● RECORDS SUPPLIED
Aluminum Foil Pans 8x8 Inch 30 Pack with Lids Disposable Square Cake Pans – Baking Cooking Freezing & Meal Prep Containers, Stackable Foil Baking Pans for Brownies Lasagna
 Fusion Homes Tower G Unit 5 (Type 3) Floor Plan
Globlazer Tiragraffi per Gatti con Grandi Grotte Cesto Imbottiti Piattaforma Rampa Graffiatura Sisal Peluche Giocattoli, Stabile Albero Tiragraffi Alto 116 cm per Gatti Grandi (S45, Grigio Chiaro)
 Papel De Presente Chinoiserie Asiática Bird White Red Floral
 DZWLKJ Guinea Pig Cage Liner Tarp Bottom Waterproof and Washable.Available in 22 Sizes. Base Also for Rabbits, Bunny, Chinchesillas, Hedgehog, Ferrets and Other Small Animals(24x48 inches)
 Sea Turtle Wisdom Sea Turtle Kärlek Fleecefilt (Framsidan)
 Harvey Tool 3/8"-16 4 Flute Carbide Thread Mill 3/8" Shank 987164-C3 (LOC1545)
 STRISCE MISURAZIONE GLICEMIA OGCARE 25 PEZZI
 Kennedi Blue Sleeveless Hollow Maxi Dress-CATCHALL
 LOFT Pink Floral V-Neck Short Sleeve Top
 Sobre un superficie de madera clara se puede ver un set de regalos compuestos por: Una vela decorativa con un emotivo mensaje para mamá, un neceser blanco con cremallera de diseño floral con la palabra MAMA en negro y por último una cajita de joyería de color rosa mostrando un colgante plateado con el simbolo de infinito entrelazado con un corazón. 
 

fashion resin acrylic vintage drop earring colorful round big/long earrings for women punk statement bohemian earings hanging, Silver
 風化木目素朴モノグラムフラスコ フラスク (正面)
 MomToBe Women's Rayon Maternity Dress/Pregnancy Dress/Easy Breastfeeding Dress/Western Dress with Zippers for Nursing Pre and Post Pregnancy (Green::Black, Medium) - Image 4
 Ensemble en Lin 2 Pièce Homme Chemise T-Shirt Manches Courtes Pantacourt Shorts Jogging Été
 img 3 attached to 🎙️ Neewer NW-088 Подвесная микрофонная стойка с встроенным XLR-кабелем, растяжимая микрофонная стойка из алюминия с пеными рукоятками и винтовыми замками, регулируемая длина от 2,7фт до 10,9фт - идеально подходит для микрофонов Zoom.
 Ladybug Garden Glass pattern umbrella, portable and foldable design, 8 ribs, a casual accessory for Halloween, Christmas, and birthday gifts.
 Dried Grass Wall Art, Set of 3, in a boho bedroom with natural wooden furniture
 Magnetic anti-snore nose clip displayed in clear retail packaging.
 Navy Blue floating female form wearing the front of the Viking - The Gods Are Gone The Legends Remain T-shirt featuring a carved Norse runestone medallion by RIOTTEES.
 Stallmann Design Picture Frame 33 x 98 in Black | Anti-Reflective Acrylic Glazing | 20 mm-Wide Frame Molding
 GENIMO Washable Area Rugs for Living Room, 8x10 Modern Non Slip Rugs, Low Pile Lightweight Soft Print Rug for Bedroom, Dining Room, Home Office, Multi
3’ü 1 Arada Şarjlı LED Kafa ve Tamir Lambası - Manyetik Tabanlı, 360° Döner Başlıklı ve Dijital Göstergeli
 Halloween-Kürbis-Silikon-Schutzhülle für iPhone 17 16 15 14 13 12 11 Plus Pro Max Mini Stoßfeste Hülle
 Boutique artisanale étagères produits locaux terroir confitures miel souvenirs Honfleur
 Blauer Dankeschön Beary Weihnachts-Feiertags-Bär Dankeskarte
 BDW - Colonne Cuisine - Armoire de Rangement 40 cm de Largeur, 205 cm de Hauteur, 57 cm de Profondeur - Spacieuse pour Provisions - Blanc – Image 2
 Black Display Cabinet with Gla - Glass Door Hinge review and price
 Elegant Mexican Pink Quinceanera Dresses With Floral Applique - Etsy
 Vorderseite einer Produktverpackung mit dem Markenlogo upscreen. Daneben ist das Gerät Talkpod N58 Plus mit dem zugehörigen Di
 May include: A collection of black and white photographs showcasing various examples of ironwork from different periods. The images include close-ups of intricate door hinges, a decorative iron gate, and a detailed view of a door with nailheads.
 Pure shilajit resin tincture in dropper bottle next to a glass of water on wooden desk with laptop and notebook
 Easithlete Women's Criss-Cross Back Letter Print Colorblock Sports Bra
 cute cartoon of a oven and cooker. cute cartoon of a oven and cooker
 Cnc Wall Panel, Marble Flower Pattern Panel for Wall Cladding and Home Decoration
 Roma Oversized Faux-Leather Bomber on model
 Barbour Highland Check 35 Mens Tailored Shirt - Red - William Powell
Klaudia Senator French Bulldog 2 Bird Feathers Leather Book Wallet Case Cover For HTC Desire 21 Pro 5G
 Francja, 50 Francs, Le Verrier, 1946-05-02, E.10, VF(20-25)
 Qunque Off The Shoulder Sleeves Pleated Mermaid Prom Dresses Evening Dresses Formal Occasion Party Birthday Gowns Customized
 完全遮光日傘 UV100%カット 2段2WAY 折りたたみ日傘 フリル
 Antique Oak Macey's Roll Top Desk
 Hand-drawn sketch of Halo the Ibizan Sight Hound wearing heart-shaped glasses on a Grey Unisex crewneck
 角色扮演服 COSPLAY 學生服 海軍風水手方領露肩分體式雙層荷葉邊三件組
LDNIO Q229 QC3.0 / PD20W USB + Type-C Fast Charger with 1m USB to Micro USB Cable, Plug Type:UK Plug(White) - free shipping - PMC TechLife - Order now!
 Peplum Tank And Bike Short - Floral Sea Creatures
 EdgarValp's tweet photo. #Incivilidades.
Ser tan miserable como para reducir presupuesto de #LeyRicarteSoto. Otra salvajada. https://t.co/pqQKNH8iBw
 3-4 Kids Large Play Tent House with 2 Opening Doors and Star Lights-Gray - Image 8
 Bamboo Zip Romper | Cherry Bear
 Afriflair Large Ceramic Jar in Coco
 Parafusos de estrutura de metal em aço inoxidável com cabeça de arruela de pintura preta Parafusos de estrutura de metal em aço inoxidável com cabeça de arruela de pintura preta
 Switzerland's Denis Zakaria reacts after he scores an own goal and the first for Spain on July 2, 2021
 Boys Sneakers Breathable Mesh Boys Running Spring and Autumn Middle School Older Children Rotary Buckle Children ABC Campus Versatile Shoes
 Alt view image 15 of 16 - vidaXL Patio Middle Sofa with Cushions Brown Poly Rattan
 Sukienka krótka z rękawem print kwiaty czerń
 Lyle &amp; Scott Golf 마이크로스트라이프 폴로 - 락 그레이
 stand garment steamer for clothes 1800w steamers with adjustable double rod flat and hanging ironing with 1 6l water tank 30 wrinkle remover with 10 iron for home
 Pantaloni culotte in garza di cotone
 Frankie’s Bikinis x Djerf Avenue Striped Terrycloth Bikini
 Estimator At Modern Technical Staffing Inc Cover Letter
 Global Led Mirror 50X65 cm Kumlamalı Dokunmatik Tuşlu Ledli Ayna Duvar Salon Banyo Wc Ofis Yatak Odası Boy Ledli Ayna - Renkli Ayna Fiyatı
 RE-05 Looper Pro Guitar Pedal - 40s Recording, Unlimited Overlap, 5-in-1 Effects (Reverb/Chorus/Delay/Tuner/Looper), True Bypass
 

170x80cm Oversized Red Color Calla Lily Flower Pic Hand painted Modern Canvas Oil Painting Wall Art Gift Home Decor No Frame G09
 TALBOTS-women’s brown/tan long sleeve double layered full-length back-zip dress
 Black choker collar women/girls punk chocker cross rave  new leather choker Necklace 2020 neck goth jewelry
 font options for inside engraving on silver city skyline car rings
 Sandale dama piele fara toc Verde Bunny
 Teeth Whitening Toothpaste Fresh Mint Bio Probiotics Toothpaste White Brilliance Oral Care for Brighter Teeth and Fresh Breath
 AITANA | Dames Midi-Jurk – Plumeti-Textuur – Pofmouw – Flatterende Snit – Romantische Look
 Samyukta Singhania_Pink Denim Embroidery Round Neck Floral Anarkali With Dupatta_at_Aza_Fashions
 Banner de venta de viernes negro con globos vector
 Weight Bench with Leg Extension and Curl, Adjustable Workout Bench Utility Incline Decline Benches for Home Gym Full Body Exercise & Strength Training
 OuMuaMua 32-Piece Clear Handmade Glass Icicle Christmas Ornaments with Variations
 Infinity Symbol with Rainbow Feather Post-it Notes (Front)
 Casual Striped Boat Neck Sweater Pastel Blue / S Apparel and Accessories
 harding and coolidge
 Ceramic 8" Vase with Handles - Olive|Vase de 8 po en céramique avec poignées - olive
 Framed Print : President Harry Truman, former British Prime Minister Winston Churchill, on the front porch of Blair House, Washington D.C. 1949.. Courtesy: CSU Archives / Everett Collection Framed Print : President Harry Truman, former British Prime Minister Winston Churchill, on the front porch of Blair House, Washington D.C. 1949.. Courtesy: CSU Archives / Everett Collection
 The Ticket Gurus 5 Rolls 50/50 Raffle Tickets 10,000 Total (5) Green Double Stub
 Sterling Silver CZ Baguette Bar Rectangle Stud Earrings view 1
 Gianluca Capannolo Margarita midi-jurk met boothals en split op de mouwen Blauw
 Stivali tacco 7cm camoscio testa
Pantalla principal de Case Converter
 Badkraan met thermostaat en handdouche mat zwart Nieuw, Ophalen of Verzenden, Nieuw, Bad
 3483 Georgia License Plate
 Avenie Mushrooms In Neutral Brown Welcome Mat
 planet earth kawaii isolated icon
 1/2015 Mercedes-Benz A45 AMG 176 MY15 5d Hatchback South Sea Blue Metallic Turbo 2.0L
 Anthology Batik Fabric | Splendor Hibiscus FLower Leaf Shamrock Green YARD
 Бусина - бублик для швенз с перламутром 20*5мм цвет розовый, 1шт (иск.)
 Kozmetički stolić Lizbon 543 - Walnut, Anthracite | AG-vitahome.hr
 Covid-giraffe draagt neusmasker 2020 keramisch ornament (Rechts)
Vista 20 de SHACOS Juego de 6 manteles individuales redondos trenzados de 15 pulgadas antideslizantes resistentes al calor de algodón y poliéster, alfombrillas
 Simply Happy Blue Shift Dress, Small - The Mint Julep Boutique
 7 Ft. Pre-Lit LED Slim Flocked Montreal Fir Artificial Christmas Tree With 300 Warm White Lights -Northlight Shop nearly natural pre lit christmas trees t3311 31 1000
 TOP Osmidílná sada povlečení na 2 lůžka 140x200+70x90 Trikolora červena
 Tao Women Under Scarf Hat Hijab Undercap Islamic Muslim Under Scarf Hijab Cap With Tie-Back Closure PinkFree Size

● DESCRIPTION OF THE TASK
What you return must be an exact retyping of the lines above starting at the line with "AITANA | Dames" and ending at the line with "Banner de venta", and nothing besides.

● WRITTEN ANSWER
 AITANA | Dames Midi-Jurk – Plumeti-Textuur – Pofmouw – Flatterende Snit – Romantische Look
 Samyukta Singhania_Pink Denim Embroidery Round Neck Floral Anarkali With Dupatta_at_Aza_Fashions
 Banner de venta de viernes negro con globos vector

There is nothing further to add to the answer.